Travel Log 7: “Global Responsibility” Part 1. By Ryan Bonitz. Barcelona, Spain.

It’s crazy to think that less than a few decades ago the people of Rwanda experienced one of the worst genocides in history. In 1994, nearly 800,000 people were killed over the course of about 100 days. The Hutus were the majority of the population at the time, making up nearly 85% of the population (BBC). They targeted the Tutsi population, who had ruled the African country.

One of the most controversial topics of the time was the participation of the UN during the genocide. They were not given a mandate to stop the killing. In addition, the United States and other countries did not want to get involved with another African conflict, considering the US had just conflict with Somalia. The French were allies of the Hutu government, and said they would set up a safe zone.

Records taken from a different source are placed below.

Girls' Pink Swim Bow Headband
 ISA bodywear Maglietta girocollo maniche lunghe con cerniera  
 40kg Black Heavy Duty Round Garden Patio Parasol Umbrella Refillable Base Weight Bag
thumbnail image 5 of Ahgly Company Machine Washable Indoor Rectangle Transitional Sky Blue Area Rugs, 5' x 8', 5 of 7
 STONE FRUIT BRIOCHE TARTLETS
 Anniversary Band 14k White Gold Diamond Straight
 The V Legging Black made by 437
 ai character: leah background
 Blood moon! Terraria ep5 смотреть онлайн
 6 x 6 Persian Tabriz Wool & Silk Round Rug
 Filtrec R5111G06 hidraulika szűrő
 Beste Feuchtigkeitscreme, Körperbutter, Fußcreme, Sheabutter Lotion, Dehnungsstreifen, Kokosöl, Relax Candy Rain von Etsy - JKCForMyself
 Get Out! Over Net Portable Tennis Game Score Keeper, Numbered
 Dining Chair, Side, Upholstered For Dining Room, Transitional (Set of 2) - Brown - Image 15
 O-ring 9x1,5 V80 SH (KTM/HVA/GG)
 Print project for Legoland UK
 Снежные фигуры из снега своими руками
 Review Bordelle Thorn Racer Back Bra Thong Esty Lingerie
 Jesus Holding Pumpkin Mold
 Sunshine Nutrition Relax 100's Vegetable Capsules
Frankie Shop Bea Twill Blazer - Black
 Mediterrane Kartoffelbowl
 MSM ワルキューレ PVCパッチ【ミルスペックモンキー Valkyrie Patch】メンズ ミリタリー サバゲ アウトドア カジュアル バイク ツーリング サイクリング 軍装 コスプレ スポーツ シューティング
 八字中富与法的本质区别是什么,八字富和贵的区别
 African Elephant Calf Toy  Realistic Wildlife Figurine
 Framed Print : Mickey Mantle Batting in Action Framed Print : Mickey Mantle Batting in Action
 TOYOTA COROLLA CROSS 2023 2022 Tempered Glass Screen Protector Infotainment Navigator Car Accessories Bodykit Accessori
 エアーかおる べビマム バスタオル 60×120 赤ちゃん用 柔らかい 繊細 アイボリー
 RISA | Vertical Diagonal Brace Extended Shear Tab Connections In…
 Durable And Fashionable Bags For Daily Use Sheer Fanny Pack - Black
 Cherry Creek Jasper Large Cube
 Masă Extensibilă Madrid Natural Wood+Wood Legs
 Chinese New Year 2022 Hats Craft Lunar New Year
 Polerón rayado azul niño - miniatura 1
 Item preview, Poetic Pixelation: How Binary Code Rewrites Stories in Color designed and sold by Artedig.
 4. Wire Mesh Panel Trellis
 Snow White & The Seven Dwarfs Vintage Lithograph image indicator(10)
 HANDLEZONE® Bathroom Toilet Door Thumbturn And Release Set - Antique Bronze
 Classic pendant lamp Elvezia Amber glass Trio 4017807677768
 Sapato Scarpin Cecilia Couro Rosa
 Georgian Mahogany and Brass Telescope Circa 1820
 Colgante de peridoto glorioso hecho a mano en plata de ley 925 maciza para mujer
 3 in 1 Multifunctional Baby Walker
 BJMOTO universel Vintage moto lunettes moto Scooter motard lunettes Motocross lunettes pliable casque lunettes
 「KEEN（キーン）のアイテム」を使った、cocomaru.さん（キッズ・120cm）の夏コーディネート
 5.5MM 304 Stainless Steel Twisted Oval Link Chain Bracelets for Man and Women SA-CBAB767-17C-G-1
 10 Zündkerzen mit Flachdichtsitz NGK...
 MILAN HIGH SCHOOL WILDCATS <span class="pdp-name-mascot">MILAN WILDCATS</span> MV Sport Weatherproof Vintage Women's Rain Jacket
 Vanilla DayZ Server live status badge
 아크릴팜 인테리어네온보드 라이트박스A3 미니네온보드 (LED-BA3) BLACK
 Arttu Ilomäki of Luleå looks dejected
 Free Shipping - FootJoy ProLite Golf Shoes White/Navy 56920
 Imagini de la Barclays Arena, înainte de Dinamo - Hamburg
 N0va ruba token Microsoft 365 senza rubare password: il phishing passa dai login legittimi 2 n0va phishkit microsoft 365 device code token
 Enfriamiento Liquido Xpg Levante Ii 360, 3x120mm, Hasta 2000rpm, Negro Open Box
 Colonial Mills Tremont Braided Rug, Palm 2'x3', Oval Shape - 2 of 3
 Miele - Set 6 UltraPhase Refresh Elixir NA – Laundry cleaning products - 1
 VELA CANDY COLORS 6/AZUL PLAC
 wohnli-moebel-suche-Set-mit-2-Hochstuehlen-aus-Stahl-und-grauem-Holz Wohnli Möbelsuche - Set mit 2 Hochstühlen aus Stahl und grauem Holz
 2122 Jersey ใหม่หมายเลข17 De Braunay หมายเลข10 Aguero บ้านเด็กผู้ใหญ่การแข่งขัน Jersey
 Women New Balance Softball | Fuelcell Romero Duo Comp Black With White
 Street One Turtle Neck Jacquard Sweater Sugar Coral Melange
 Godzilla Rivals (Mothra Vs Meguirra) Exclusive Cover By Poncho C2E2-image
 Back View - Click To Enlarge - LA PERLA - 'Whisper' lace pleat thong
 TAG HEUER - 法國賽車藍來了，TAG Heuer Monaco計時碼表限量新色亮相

However, they were accused of not doing nearly enough to stop the slaughter that was occurring right before their eyes. Lists of names were handed out to the Hutu armies, who viciously killed the Tutsi people listed as well as their families.

The cartoon I chose to use shows a Hyena devouring a man who represents Rwanda. In the background an armed guard who represents some major world power (possibly the UN or France), sleeps peacefully. Although he has the means to save the Rwandan man, he turns a blind eye and rests instead. This picture depicts a clear violation of human rights. For example, Article 3 of the Bill of Human Rights says “Everyone has the right to life, liberty and security of person” ( Clearly the UN and other governments such as the French should be interceding, however they decide to put their own interests before those of others. Article 5 states “No one shall be subjected to torture or to cruel, inhuman or degrading treatment or punishment.” It is obvious that the Tutsi people are being treated inhumanely, yet the world does not seem to care.

This can all be related to the modern day world with Syria. Each country says it is the responsibility of another to help, and as a result the Syrians are not getting the aide that they require. One day we will look back and say “never again.” Let’s hope that we can one day realize that these nightmares can be stopped before they progress, so that events such as these will never happen again.